Apalagi komitmen PT Vale membangun industri tambang berkelanjutan di tanah air sejatinya sejalan dengan misi pemerintah mengurangi emisi karbon.
Seperti diketahui, PT Vale bertahap telah menyetop pemakaian bahan bakar batubara atau fosil lantaran emisi karbon dihasilkan begitu tinggi & memicu pemanasan global.
Di Blok Bahodopi, PT Vale sukses mengandeng dua investor China membangun pabrik smelter memakai energi gas.
Smelter Blok Bahodopi dengan konsep green energy ini digadang sebagai pabrik ekstraksi nikel dengan emisi karbon terendah dibangun PT Vale setelah Blok Sorowako dan menyusul Blok Pomalaa.
“Tentang komitmen low carbon, laporannya (sustainablity report,red) dapat dilihat, karena PT Vale adalah perusahaan terbuka, Laporan penambangan keberlanjutan dan kontribusi ke pemerintah dapat dilihat dalam laporan yang dipublikasikan secara kontinyu oleh perseroan,” ucap Febriany.
Tak hanya itu saja, PT Vale juga mendukung pemerintah membangun ekosistem mobil listrik dengan menjadi salah satu supplier baterai listrik.
“Kita percaya, pemerintah akan memberi kenyamanan bagi investasi, semangat PT Vale menerapkan pola pertambangan berkelanjutan sejalan dengan misi pemerintah menurunkan emisi karbon dan membangun ekosistem mobil listrik,” ulas Febry.
Lebih jauh mengenai koreksi tiga gubernur se-Sulawesi terhadap pola investasi PT Vale yang dianggap tidak memberi andil, ia menyatakan seyogyanya pemerintah pemerintah provinsi mengeluarkan blue print Rencana Induk Pengembangan dan Pemberdayaan Masyarakat (RIPPM) untuk usaha pertambangan.
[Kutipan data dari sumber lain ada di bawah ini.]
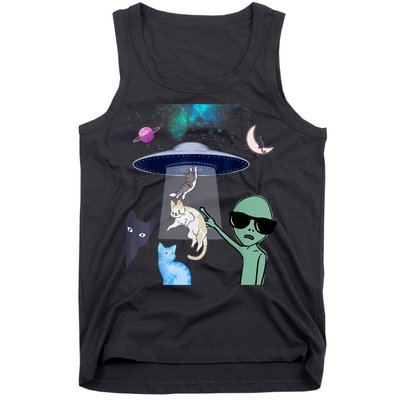Cat Lovers UFO Space Abduction Of Cats By Aliens Design Tank Top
RIPPM ini kemudian menjadi tolak ukur bersama dalam penilaian baik buruk raport investasi di daerah.
Dalam pembangunan berkelanjutan, kata Febriany, ada tiga unsur penting terlibat yakni pemerintah, masyarakat dan perusahaan.
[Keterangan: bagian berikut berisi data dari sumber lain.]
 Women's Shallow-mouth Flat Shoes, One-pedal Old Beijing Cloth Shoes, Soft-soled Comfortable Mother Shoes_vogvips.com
“Kalau ketiganya tidak dirembukkan bersama akan ada tumpang tindih. Tidak ada yang sempurna, demikian juga PT Vale. Kami siap berdialog, kalau ada kurang kita cari solusi, bahwa Kita (PT Vale) bisa berkarya. Program CSR kita ketahui telah mendapat pengakuan dari Kemenko Maritim dan Investasi, serta Kementerian PDT. Kalau ini jadi penyebab (kontribusi minim), kami mau berdiskusi, dengan senang hati akan kami perbaiki,” ulas Febriany panjang lebar.
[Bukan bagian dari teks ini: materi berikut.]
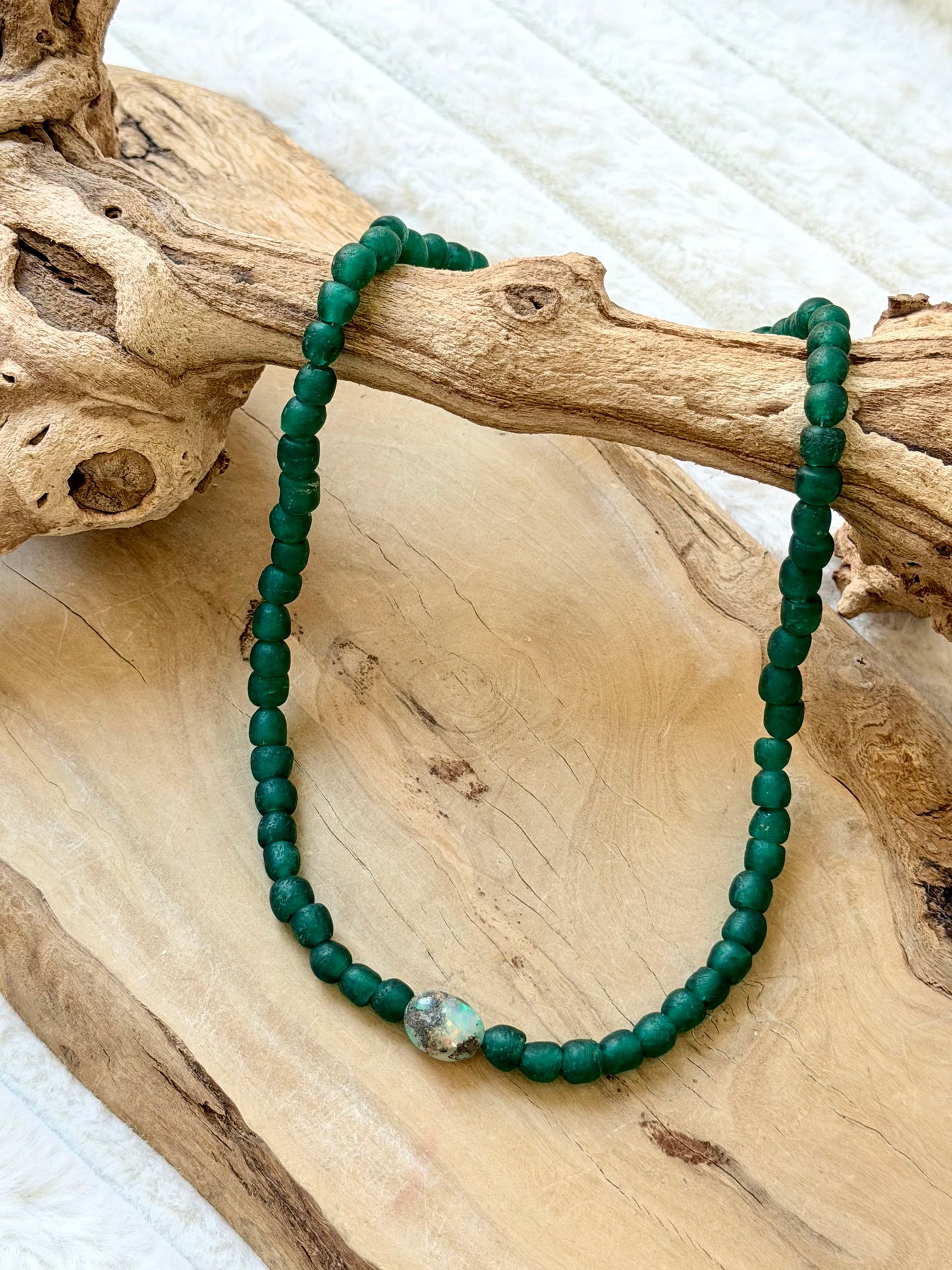 Ethiopian Opal + Green African Glass Gold Chunky Necklace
Ia melanjutkan, khusus pabrik PT Vale di Luwu Timur Sulawesi Selatan sekitar 86 persen karyawan merupakan pekerja lokal.
Mengenai kontribusi di sektor pajak, PT Vale terbilang patuh terhadap aturan pemerintah. Selama sepuluh tahun terakhir kalkulasi data penerimaan negara oleh PT Vale mencapai Rp16,6 triliun. Distribusi CSR PT Vale pun dijalankan sesuai dengan aturan.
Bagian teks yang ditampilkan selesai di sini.